Data entries
● ● ● ● ● ● ●

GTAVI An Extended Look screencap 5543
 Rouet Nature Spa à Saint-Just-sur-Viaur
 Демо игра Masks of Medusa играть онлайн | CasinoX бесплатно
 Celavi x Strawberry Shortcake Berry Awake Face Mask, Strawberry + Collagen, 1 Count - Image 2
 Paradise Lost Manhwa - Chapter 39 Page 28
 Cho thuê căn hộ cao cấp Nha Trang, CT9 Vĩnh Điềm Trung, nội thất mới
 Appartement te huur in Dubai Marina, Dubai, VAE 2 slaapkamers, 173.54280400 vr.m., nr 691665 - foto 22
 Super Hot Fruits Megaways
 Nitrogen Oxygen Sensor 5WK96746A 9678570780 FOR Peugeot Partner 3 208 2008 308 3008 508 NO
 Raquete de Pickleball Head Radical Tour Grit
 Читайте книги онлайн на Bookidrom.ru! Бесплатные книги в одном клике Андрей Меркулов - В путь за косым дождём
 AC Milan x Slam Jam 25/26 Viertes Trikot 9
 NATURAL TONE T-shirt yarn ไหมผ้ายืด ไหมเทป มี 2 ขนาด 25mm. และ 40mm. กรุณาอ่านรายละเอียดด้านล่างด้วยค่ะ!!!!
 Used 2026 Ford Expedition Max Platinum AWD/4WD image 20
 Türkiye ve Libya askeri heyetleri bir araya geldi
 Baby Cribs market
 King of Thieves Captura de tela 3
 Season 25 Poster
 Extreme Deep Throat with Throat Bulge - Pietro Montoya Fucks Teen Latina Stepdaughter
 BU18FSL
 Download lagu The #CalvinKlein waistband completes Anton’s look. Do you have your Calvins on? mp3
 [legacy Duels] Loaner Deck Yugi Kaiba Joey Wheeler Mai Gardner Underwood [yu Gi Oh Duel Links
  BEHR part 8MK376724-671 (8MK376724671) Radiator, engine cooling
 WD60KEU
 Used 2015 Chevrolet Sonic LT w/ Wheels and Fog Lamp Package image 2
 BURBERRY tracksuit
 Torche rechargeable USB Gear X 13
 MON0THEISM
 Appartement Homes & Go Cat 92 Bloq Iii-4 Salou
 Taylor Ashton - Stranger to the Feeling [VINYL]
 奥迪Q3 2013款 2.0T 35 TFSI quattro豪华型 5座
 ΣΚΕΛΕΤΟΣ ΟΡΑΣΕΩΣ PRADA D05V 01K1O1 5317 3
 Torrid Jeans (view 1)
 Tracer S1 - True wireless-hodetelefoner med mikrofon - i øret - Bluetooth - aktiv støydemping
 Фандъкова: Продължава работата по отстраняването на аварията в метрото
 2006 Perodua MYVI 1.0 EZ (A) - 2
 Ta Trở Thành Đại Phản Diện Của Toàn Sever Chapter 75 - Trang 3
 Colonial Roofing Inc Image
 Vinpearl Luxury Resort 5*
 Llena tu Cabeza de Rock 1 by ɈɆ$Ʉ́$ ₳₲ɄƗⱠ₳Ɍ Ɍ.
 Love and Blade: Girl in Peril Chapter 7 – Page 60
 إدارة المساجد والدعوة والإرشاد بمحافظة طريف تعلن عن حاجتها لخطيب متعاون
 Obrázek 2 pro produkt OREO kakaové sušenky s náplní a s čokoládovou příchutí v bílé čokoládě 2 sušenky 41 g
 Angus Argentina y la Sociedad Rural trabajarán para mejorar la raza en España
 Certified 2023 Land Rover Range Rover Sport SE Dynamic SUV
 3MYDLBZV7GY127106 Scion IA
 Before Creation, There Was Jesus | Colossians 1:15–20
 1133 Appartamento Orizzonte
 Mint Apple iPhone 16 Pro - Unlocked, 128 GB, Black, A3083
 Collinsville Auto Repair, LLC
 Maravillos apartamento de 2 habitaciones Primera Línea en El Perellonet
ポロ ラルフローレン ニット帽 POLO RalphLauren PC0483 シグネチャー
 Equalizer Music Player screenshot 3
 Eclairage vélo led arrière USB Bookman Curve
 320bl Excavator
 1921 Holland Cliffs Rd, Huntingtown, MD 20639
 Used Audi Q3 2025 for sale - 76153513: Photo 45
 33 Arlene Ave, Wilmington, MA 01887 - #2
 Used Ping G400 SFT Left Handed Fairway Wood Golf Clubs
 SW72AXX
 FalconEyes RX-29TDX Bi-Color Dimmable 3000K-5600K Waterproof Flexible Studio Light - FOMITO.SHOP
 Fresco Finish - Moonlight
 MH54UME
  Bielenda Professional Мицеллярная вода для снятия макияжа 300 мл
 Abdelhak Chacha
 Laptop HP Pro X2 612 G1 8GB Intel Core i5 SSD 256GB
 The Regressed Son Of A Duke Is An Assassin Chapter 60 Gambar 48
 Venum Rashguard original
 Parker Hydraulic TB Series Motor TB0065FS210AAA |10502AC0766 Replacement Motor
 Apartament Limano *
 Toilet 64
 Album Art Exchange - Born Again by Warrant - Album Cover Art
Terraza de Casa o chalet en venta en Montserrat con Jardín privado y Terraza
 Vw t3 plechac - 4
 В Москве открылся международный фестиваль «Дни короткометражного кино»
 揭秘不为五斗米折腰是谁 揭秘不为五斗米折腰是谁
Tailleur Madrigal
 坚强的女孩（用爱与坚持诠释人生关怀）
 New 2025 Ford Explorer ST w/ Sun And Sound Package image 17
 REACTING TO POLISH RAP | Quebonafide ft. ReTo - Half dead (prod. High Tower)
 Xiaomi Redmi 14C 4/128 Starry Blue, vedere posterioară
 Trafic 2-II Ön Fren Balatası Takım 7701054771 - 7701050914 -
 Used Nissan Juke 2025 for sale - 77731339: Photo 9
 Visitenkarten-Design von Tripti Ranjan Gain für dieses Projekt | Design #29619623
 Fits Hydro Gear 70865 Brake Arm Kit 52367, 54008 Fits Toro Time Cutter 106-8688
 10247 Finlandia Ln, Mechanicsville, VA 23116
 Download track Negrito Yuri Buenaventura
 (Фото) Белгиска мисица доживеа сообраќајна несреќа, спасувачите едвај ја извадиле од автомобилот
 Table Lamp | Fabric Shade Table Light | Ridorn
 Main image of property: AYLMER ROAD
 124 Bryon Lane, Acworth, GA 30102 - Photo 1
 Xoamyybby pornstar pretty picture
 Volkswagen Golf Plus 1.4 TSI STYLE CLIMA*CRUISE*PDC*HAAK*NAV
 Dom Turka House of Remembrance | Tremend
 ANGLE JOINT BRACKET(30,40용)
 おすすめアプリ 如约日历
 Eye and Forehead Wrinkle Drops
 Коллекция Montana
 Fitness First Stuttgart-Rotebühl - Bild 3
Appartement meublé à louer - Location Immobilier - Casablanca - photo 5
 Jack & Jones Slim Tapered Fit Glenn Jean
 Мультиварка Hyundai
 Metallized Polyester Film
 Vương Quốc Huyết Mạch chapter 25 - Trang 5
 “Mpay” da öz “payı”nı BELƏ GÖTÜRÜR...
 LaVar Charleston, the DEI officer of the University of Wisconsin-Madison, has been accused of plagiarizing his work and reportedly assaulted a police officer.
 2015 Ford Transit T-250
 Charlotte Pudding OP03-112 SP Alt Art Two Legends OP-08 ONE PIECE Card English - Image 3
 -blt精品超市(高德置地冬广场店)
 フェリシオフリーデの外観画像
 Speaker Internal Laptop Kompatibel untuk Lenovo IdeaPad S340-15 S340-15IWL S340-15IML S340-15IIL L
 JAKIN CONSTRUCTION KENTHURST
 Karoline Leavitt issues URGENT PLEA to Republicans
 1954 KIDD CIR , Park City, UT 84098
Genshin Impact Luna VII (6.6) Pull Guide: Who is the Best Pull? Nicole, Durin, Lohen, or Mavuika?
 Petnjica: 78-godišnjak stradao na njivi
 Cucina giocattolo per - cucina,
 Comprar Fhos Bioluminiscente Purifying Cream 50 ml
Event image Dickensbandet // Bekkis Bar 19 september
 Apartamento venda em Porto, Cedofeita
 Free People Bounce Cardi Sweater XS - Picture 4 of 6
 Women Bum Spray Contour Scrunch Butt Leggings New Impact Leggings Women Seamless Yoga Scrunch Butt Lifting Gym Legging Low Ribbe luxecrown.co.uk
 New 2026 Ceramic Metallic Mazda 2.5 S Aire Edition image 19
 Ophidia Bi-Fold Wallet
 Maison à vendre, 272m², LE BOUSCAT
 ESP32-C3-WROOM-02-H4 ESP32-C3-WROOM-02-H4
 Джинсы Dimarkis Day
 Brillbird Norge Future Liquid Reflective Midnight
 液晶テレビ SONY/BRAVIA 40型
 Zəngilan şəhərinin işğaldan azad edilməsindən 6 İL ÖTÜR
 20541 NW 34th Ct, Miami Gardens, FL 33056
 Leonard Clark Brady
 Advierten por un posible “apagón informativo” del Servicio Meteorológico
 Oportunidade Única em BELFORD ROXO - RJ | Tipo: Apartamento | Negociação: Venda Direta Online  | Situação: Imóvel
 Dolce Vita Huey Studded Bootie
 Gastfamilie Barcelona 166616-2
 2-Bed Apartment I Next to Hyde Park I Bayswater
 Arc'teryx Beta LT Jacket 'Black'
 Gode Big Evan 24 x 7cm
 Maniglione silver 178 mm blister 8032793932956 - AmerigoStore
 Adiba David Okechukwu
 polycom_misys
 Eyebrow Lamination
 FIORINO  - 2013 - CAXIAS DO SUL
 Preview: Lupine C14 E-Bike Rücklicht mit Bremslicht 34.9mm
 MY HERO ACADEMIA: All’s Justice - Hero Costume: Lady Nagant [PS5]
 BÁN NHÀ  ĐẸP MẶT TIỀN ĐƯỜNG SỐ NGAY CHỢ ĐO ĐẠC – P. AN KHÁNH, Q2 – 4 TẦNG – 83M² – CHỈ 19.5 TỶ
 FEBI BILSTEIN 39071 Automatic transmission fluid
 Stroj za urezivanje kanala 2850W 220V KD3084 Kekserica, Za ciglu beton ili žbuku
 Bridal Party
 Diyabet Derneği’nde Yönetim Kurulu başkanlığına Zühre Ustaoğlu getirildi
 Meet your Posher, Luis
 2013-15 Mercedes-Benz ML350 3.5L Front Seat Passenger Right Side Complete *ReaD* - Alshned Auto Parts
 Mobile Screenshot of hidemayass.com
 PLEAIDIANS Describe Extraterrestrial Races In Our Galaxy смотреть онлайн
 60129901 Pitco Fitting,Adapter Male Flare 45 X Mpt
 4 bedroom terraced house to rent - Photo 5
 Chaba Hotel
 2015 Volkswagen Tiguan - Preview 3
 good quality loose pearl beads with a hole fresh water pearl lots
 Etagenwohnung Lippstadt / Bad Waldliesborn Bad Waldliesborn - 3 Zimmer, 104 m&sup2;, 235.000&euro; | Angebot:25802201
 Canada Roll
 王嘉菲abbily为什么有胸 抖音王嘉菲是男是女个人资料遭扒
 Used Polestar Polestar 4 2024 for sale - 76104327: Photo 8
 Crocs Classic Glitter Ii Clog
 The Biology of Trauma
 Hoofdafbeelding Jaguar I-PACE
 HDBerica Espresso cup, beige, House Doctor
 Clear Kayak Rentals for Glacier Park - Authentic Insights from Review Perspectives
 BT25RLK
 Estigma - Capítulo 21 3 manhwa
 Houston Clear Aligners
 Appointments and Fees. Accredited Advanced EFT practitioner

● ● ● ● ● ● ●

=== How to complete this task ===
The output must consist solely of the lines from the first line of the records through the line containing "Colonial Roofing Inc Image", reproduced exactly.

=== Response area ===
GTAVI An Extended Look screencap 5543
 Rouet Nature Spa à Saint-Just-sur-Viaur
 Демо игра Masks of Medusa играть онлайн | CasinoX бесплатно
 Celavi x Strawberry Shortcake Berry Awake Face Mask, Strawberry + Collagen, 1 Count - Image 2
 Paradise Lost Manhwa - Chapter 39 Page 28
 Cho thuê căn hộ cao cấp Nha Trang, CT9 Vĩnh Điềm Trung, nội thất mới
 Appartement te huur in Dubai Marina, Dubai, VAE 2 slaapkamers, 173.54280400 vr.m., nr 691665 - foto 22
 Super Hot Fruits Megaways
 Nitrogen Oxygen Sensor 5WK96746A 9678570780 FOR Peugeot Partner 3 208 2008 308 3008 508 NO
 Raquete de Pickleball Head Radical Tour Grit
 Читайте книги онлайн на Bookidrom.ru! Бесплатные книги в одном клике Андрей Меркулов - В путь за косым дождём
 AC Milan x Slam Jam 25/26 Viertes Trikot 9
 NATURAL TONE T-shirt yarn ไหมผ้ายืด ไหมเทป มี 2 ขนาด 25mm. และ 40mm. กรุณาอ่านรายละเอียดด้านล่างด้วยค่ะ!!!!
 Used 2026 Ford Expedition Max Platinum AWD/4WD image 20
 Türkiye ve Libya askeri heyetleri bir araya geldi
 Baby Cribs market
 King of Thieves Captura de tela 3
 Season 25 Poster
 Extreme Deep Throat with Throat Bulge - Pietro Montoya Fucks Teen Latina Stepdaughter
 BU18FSL
 Download lagu The #CalvinKlein waistband completes Anton’s look. Do you have your Calvins on? mp3
 [legacy Duels] Loaner Deck Yugi Kaiba Joey Wheeler Mai Gardner Underwood [yu Gi Oh Duel Links
  BEHR part 8MK376724-671 (8MK376724671) Radiator, engine cooling
 WD60KEU
 Used 2015 Chevrolet Sonic LT w/ Wheels and Fog Lamp Package image 2
 BURBERRY tracksuit
 Torche rechargeable USB Gear X 13
 MON0THEISM
 Appartement Homes & Go Cat 92 Bloq Iii-4 Salou
 Taylor Ashton - Stranger to the Feeling [VINYL]
 奥迪Q3 2013款 2.0T 35 TFSI quattro豪华型 5座
 ΣΚΕΛΕΤΟΣ ΟΡΑΣΕΩΣ PRADA D05V 01K1O1 5317 3
 Torrid Jeans (view 1)
 Tracer S1 - True wireless-hodetelefoner med mikrofon - i øret - Bluetooth - aktiv støydemping
 Фандъкова: Продължава работата по отстраняването на аварията в метрото
 2006 Perodua MYVI 1.0 EZ (A) - 2
 Ta Trở Thành Đại Phản Diện Của Toàn Sever Chapter 75 - Trang 3
 Colonial Roofing Inc Image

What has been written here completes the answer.